ARMA Model — System Identification Walkthrough

This notebook demonstrates the four-step system identification process for a univariate time series using the ARMA model class.

Step	Task	Tool
1	Choose a model class	Domain knowledge
2	Select model order	`uniAnal` — ACF, PACF, GPAC
3	Estimate parameters	`estimate`, `pmoddisp`
4	Validate the model	`uniAnal` on residuals, `uniChi`

Dataset: Box-Jenkins Series A — Chemical Concentration (197 observations)

The ARMA(\(n_d\), \(n_c\)) model is

\[D(q)\,y(t) = C(q)\,e(t)\]

where

\[D(q) = 1 + d_1 q^{-1} + \cdots + d_{n_d} q^{-n_d}\]

and

\[C(q) = 1 + c_1 q^{-1} + \cdots + c_{n_c} q^{-n_c}\]

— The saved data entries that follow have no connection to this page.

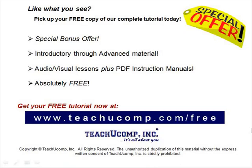Like what you see? Pick up your free copy of the complete tutorial at www.teachucomp.com/free.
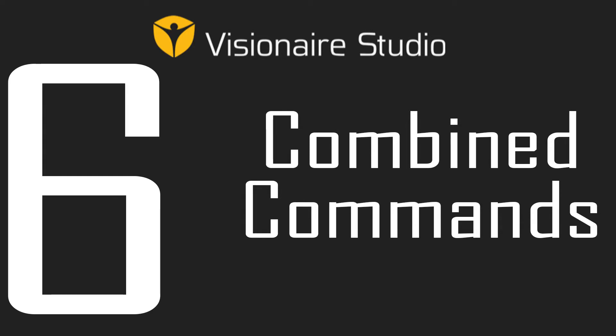Hi guys, this is William and welcome to video 6 where we will be looking at combined conditions.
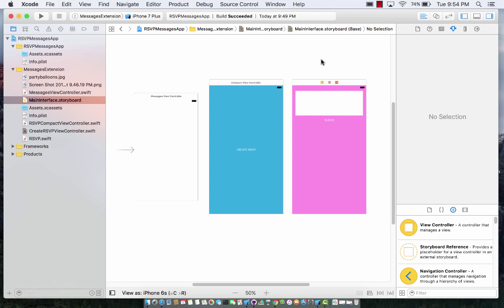We'll be building a brand new application called the RSVP messages app. The whole story behind the app is last year I threw a birthday party, and I was trying to see which one of my 50 friends were going to attend. After 250 text messages, it took me like two hours to count who was coming and who wasn't. It was a pretty painful experience and that was the worst birthday ever.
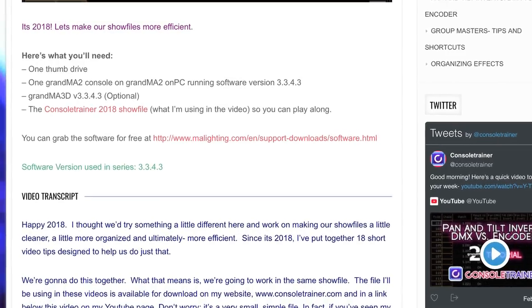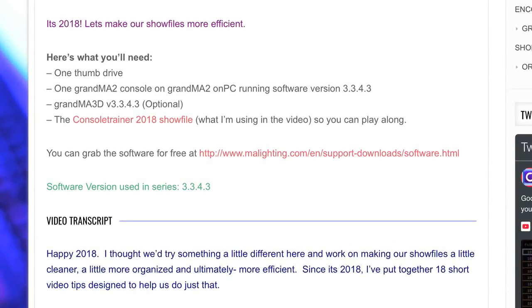And we're going to do this together. What that means is we are all going to work in the same show file. I've got the show file available for you — you can download it on my website, consultrainer.com, or in the description below this YouTube video.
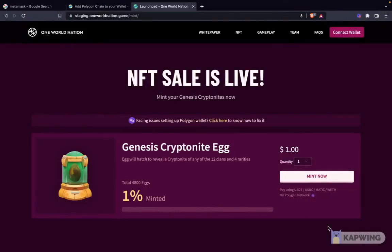GM friends. In this video, I'm going to be walking you through how you can mint your Kryptonite NFT. We are going to start from the very beginning — from downloading your MetaMask wallet, installing it and setting it up, then connecting it to the Mint website, and finally viewing it on OpenSea as well. So let's get started.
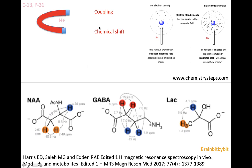There are two things you can use for the deduction of the structure: the coupling, which refers to the surrounding nuclei, and the chemical environment, which is the shift. If you look for example at the lactate molecule, you can see that the proton is located in different groups, which explains why lactate is a double peak.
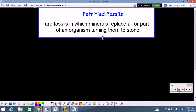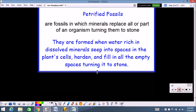For how they're made: petrified fossils are made when water rich in dissolved minerals seeps into the spaces in a plant cell. Once in there, the minerals harden and fill the empty spaces, and that turns it to stone.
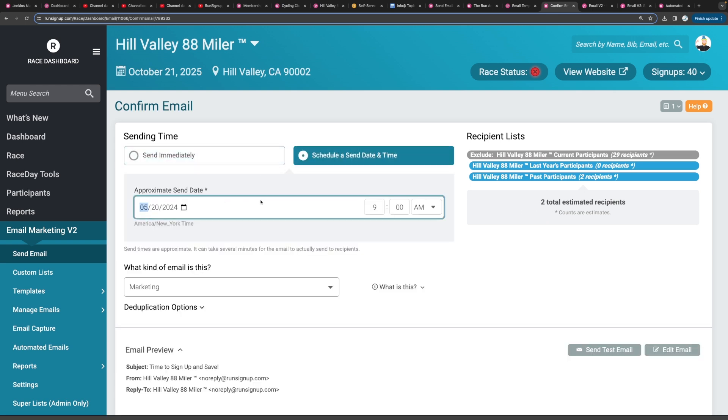I think in most cases, you're going to want to schedule the email and not just send it right away. You'll probably want to prepare the email first and then set a date on when you want to send it.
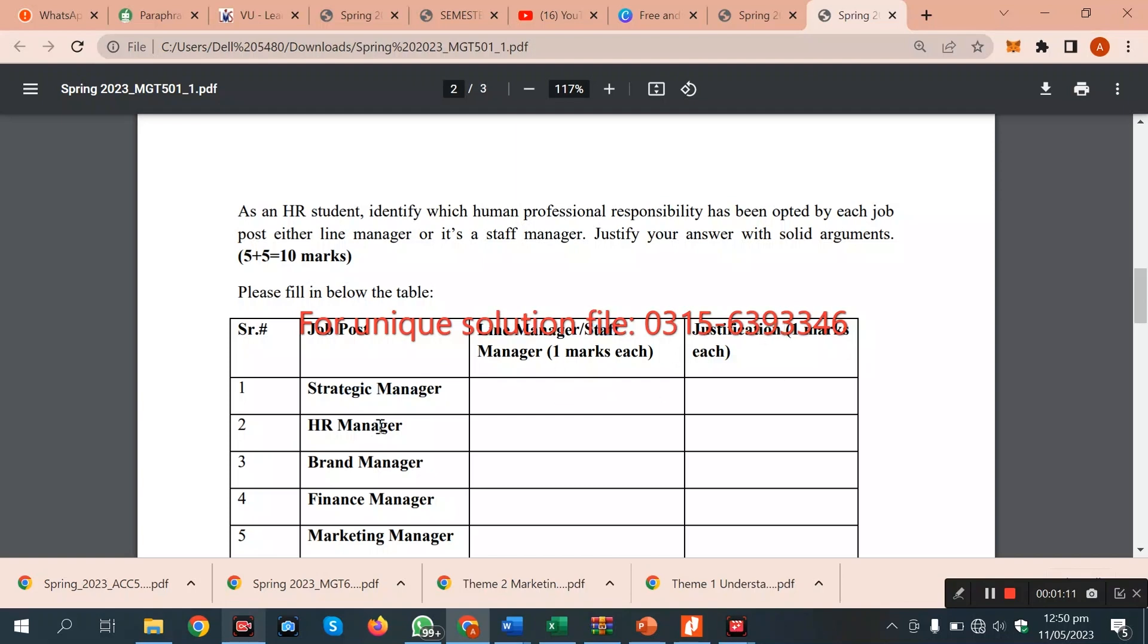The same way, HR manager, brand manager, finance manager, marketing manager. We have to complete this assignment, complete the solution here, and fill the table here.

The noise is modeled by the transfer function \(H(q) = C(q)/D(q)\).

[2]:

import numpy as np
import matplotlib.pyplot as plt
import sys
import os
import pandas as pd

# Add TimeSeries root directory to path
current_dir = os.getcwd()
timeseries_root = os.path.abspath(os.path.join(current_dir, '..', '..', '..'))
if timeseries_root not in sys.path:
    sys.path.insert(0, timeseries_root)

from TimeSeriesSRC.Model.model import pmodel
from TimeSeriesSRC.Model.estimate import estimate
from TimeSeriesSRC.Model.selpmod import func_selpmod as selpmod
from TimeSeriesSRC.basefunctions.uniAnal import func_uniAnal as uniAnal
from TimeSeriesSRC.basefunctions.uniChi import func_uniChi as uniChi
from TimeSeriesSRC.basefunctions.partoacf import func_partoacf_pmod as partoacf_pmod
from TimeSeriesSRC.Model.pmodmse import func_pmodmse as pmodmse
from TimeSeriesSRC.Model.pmoddisp import func_pmoddisp as pmoddisp
from TimeSeriesSRC.Model.pmoddisp import func_pmodpzplot as pmodpzplot

np.random.seed(42)
print('Setup complete.')

Setup complete.

Series A — Chemical Concentration

Box-Jenkins Series A is a univariate time series of 197 concentration measurements from a chemical process. There is no observed external input, making the ARMA class the natural starting point. The series mean is removed before modeling.

[3]:

data_path = os.path.join(timeseries_root, 'TimeSeriesSRC', 'TestData', 'Series_A_Chemical_Concentration.csv')
df = pd.read_csv(data_path)
y = np.array(df['Concentration'])

Step 1 — Choose a Model Class

With no external input, the general prediction model \(y(t) = G(q)u(t) + H(q)e(t)\) reduces to a pure noise model:

\[y(t) = H(q)\,e(t) = \frac{C(q)}{D(q)}\,e(t)\]

This is the ARMA(:math:`n_d`, :math:`n_c`) model, where \(D(q)\) is the autoregressive polynomial of order \(n_d\) and \(C(q)\) is the moving average polynomial of order \(n_c\). The orders are determined in Step 2.

[3]:

y = y - np.mean(y)
N = y.size
print(f'Loaded chemical process data: N={N} samples')
print(f'y: mean={y.mean():.2e}, std={y.std():.3f}')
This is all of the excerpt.